Senin, 08 November 2010

Perjalanan Rohani

Prof Asep S Muhtadi


Rasulullah SAW bersabda, "Haji itu adalah Arafah." Maka, di Arafahlah seluruh jamaah haji menuntaskan harapannya menunaikan rukun Islam yang kelima. Karena itu, sehari sebelum pelaksanaan wukuf pada 9 Zulhijah, seluruh jamaah haji mulai mengalir menuju Padang Arafah.

Dalam suasana riuh pada hari yang dikenal dengan tarwiyah itu, suara suci berbisik di setiap telinga jamaah, "Berzikirlah, wahai hamba-hamba Allah. Siapkan segala perlengkapan lahir ataupun batin, karena esok kita akan berwukuf untuk menumpahkan segala pinta pada Yang Mahakuasa."

Di bawah terik matahari Padang Arafah, jamaah bersimpuh menelanjangi segala khilafnya. Khutbah Arafah pun terasa membakar segala dosa yang pernah menjadi pakaian kehidupan yang sulit dihindari. Lewat khutbah itulah, jamaah menelanjangi diri sendiri dan berusaha meluluhlunakkan segala egoisme insani.

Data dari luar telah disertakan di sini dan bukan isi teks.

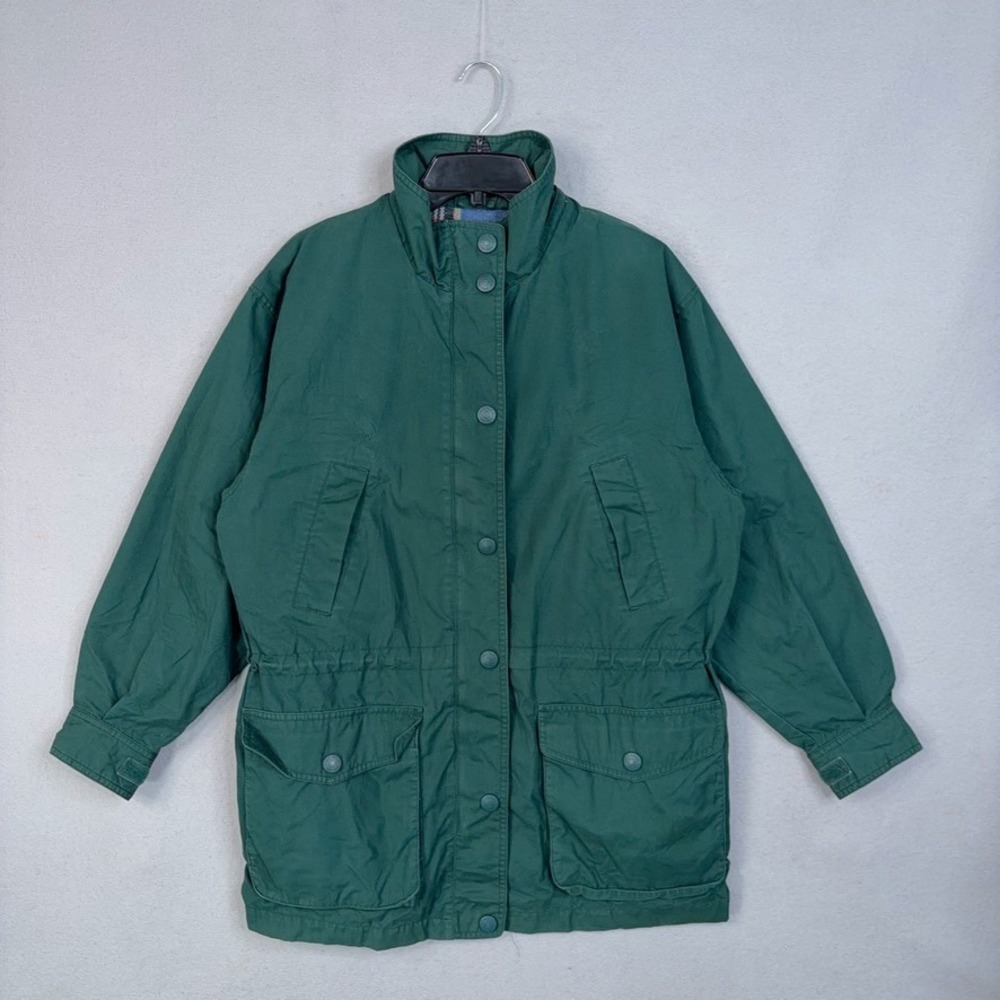 Eddie Bauer Field Jacket Womens Medium Green Wool Plaid Lined Barn Coat Gorpcore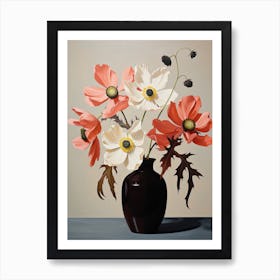 Bouquet Of Japanese Anemone Flowers, Autumn Fall Florals Painting 1 Art Print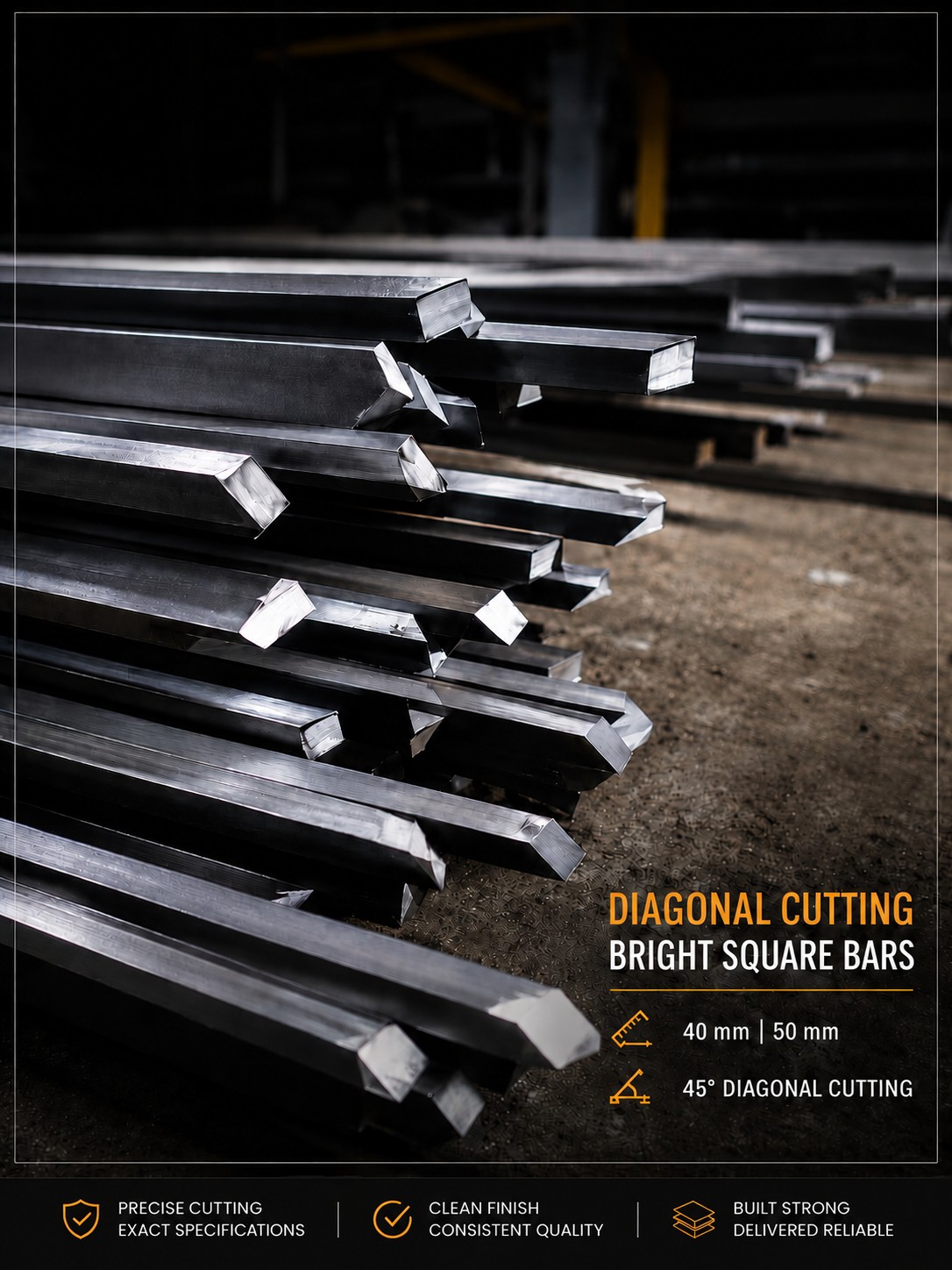 Mild Steel Square Bright Bar manufactured by Steel Experts India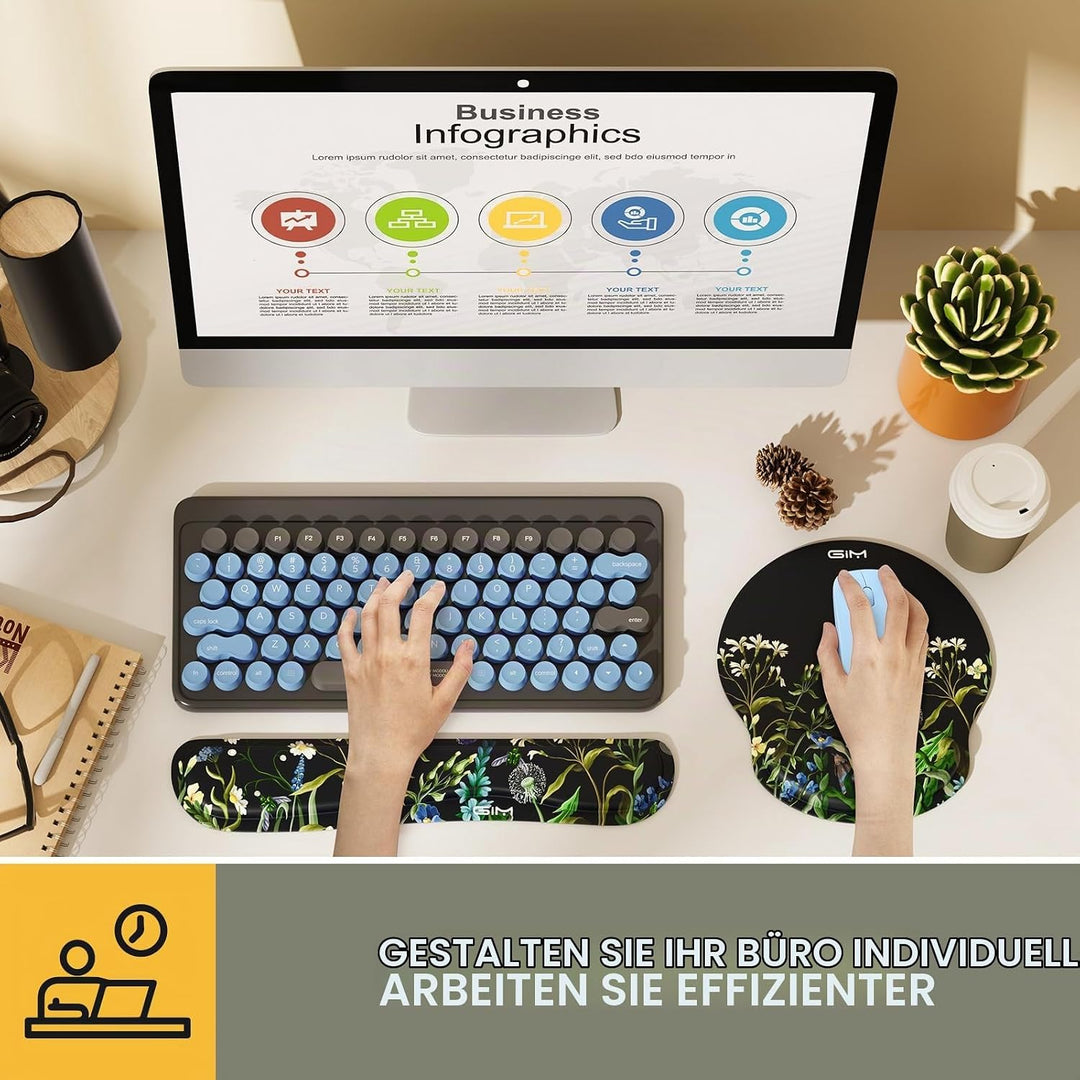 GIM Mauspad Gelkissen Mousepad mit Handauflage GIM Ergonomisches Mauspad Tastatur Handgelenkauflage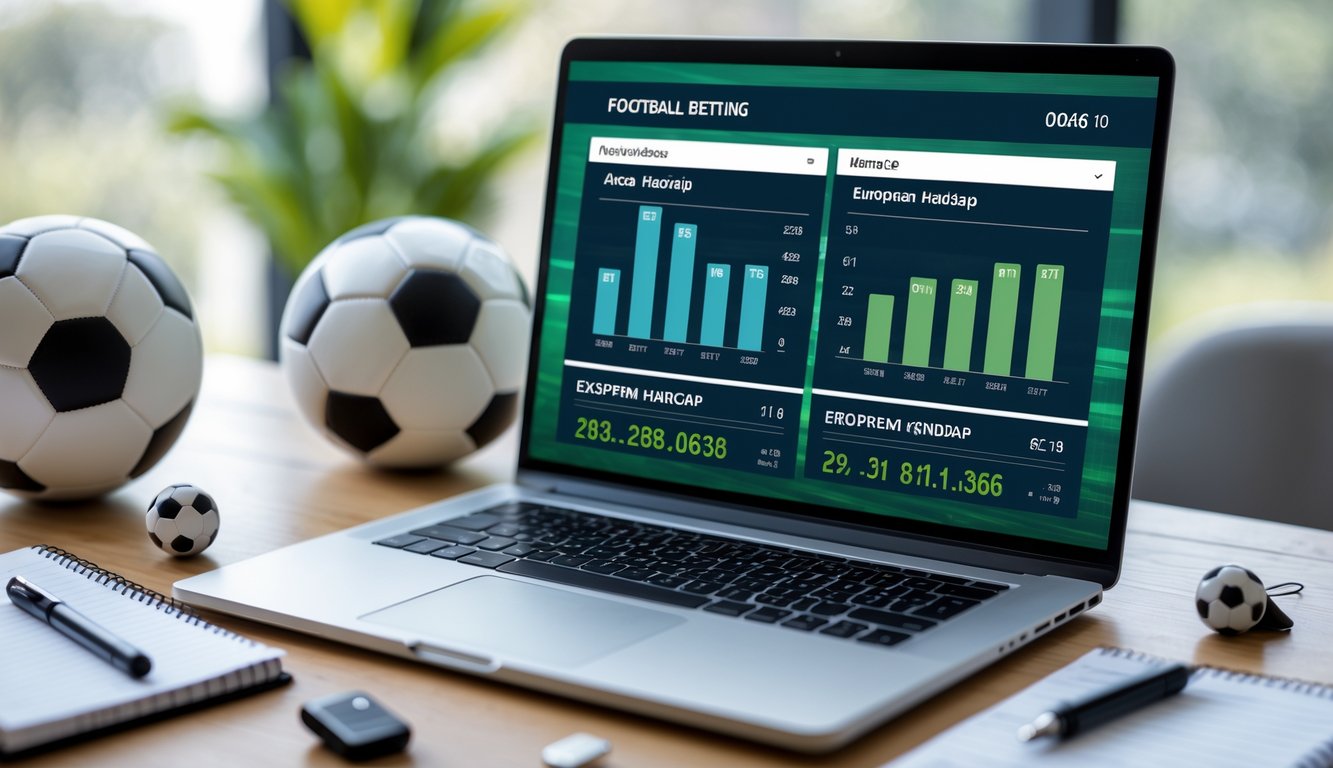 Meja kerja dengan laptop dan ponsel yang menampilkan data taruhan bola, bola sepak, peluit wasit, dan alat tulis di sekitarnya.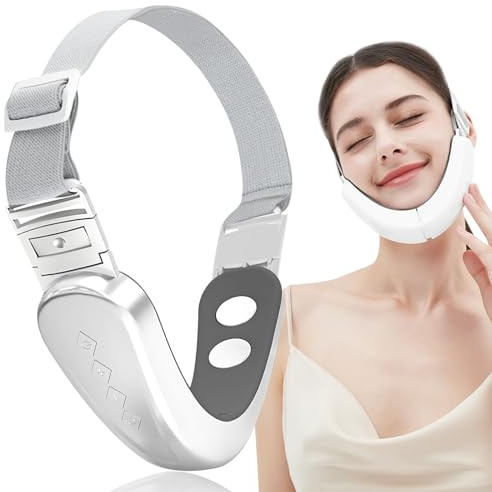 Forhome Beauty Meter, V Shape Face Gerät, Gesichtsmassagegerät EMS, Jawline Trainer Elektrisch, mit 6 Modi und 12 Intensitätsstufen für ein Strafferes Hautbild und Tiefere Tonung bei Frauen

Jika haji itu adalah Arafah, haji merupakan lambang kesederhanaan dan kesetaraan. Perkumpulan raksasa itu menjadi simbol kesatuan umat yang dalam kehidupan sehari-hari masih saja sering dipersoalkan. Dalam perkumpulan ini, semuanya menjadi sederhana dan setara. Sebuah perjalanan rohani yang selalu menyisakan pengalaman batin yang sangat mendalam.

Setelah tuntas melewati padang spiritualitas Arafah, jamaah kembali mengalir menuju Mina via Muzdalifah. Di sinilah jamaah melaksanakan jumrah, melempar pilar sebagai simbol pertentangan atas sifat-sifat setan yang mungkin telah menjadi pakaiannya sehari-hari.

Mereka bergantian dan saling melindungi untuk mendekati pilar demi pilar: Jumratul Ula, Jumratul Wustha, dan Jumratul Aqabah. Tujuh buah kerikil kecil dilemparkan satu per satu. Inilah gambaran perjalanan yang bagi kebanyakan jamaah mungkin tidak pernah terbayangkan sebelumnya.

Ibadah haji, yang dalam bayangan sebelumnya lebih menyiratkan kesan ritual dalam rangkaian doa-doa, ternyata juga menawarkan pengalaman batin yang dapat mengantarkan seseorang pada satu kesadaran luhur layaknya seorang hamba.

Pengalaman batin itu diperoleh begitu manusiawi. Padahal, doa menyiratkan transenden yang sulit dipahami oleh kepala telanjang. Ada yang menyebutnya sebagai puncak kepasrahan sikap keberagamaan seseorang untuk memenuhi perintah ajaran, seperti diisyaratkan rukun Islam secara keseluruhan.

Inilah, barangkali, hikmah mengapa haji ditempatkan pada posisi rukun yang kelima. Haji memang mensyaratkan berbagai kesiapan, bukan saja fisik material, tapi juga mental spiritual. Haji juga dapat berubah menjadi kekuatan raksasa yang dapat melunakkan hawa nafsu yang sebelumnya begitu keras membatu.

Tapi, dapatkah rangkaian ritual itu terlalui sempurna seperti apa yang pernah dilakukan Rasulullah? Tidak mudah memang. Tentu, fasilitas utamanya adalah sikap yang tulus dalam mengikuti setiap tahapan meski terasa berat. Sesungguhnya, bekal utama ibadah haji adalah takwa (QS al-Baqarah [2]: 197). Dalam bingkai takwa inilah, potret perjalanan rohani itu tampak semakin bercahaya.